Com o desenvolvimento de técnicas de emagrecimento e o aumento do número de cirurgias plásticas, o imediatismo se sobrepôs ao sacrifício e às muitas horas de malhação.
- Antigamente, para ser reconhecido, admirado, você tinha que percorrer um longo caminho. Hoje, você tem como contraponto ao sacrifício a ideia do imediatismo. Então, a pessoa quer emagrecer e ser reconhecida logo, sem pagar o preço desse sacrifício – comenta Joana.
Para Sérgio Levy, cirurgião plástico e presidente da Sociedade Brasileira de Cirurgia Plástica Regional do Rio de Janeiro, as pessoas recorrem às cirurgias não só para se sentirem satisfeitas com a própria forma física.
- Elas não querem só estar bem consigo mesmas, acham que a cirurgia pode resolver o problema matrimonial, o problema de emprego – afirma.
Ainda segundo ele, a perfeição não é algo que se possa alcançar em uma mesa de cirurgia.
- Quando a pessoa fica procurando muito a perfeição, o resultado nunca é bom porque ela vai ficar insatisfeita sempre. É muito difícil obter o resultado exato que o paciente quer. O perfeito não existe.

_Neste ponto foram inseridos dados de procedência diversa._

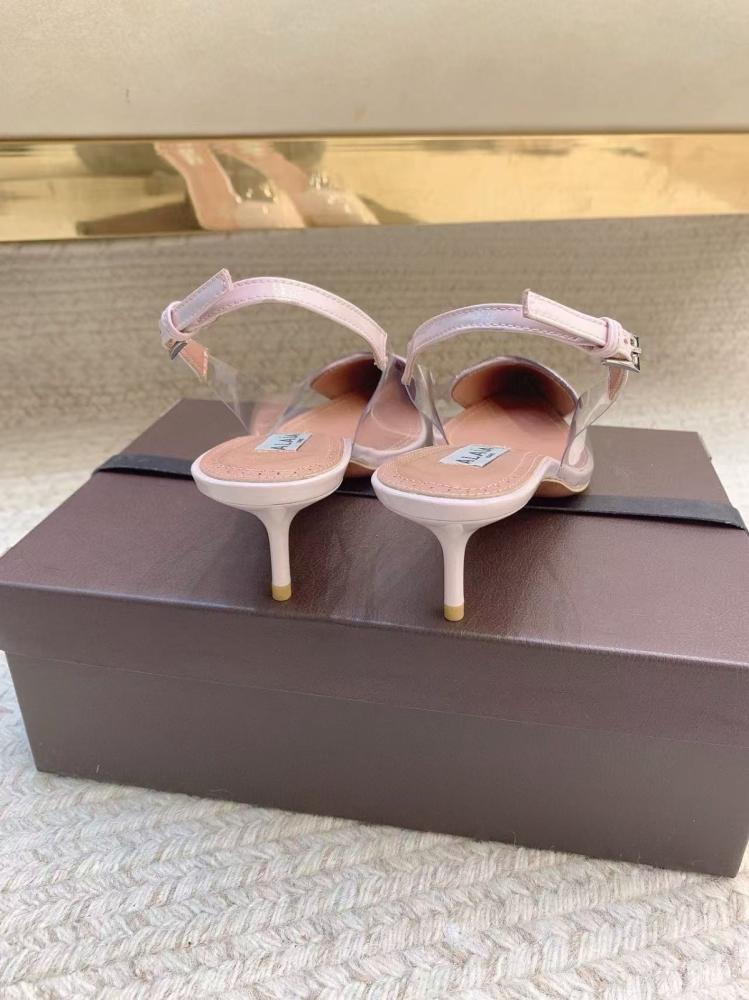Heel and flat shoes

Segundo Joana Vilhena, o Brasil está se transformando em um país de gordos, um país que até pouco tempo era de desnutridos. O paradoxo foi confirmado quando, em suas pesquisas, ela observou que a oferta crescente dos tratamentos estéticos está associada à oferta, na mesma proporção, de alimentos que engordam.

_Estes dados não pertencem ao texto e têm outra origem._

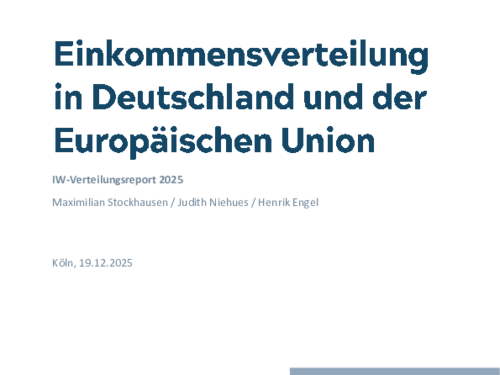 IW-Verteilungsreport 2025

De acordo com a psicóloga, a ditadura estética da magreza é um fenômeno social dentro da cultura do culto ao corpo, sendo um dos elementos da sociedade de consumo. Junto às promessas de belas curvas está o lucro da indústria de beleza, que movimenta bilhões ao ano.
- Essa indústria cosmética é a da perfumaria, do culto ao corpo, que inclui cremes, regimes, produtos light, diets, lipoaspirações, academias de ginástica. É uma indústria pesada que investe na sensação que o sujeito tem de poder saciar ou sancionar o mal estar que ele sente quando não está adequado aos padrões sociais.
Ela também ressalta que hoje os produtos cosméticos não são mais considerados supérfluos, e a beleza é apreciada como um artigo de primeira necessidade.
Essa procura desmedida pelo corpo ideal traz outro problema. Para Levy, as pessoas esquecem que um ter uma silhueta invejável não é necessariamente sinônimo de saúde.
- Devemos nos preocupar em encontrar um equilíbrio. Acredito na busca de um bem estar para o corpo como um todo, não esquecendo da saúde mental. Ser sadio não é simplesmente ter um corpo sem doenças, bem torneado e magro, é sim, uma combinação do sentir-se bem consigo mesmo e com aquilo que faz.
Não é só na vida pessoal que o corpo perfeito influencia. Empresas estão preferindo contratar pessoas magras para que transmitam uma imagem de rapidez e agilidade aos clientes.
- Quando o sujeito é gordo ele já não é bem visto. Se ele é desleixado com o corpo, será assim também no trabalho – comenta Joana.
Levy acredita que parte das pessoas que tornam a beleza um vício precisam de um acompanhamento médico. Segundo ele, elas colocam a culpa da infelicidade nos possíveis defeitos físicos.
- Elas acreditam que sua incompetência em ser feliz é culpa do nariz, que acham grande; ou da gordura, que acham em excesso. Nesses casos, é recomendável encaminhar a paciente a um terapeuta – conclui.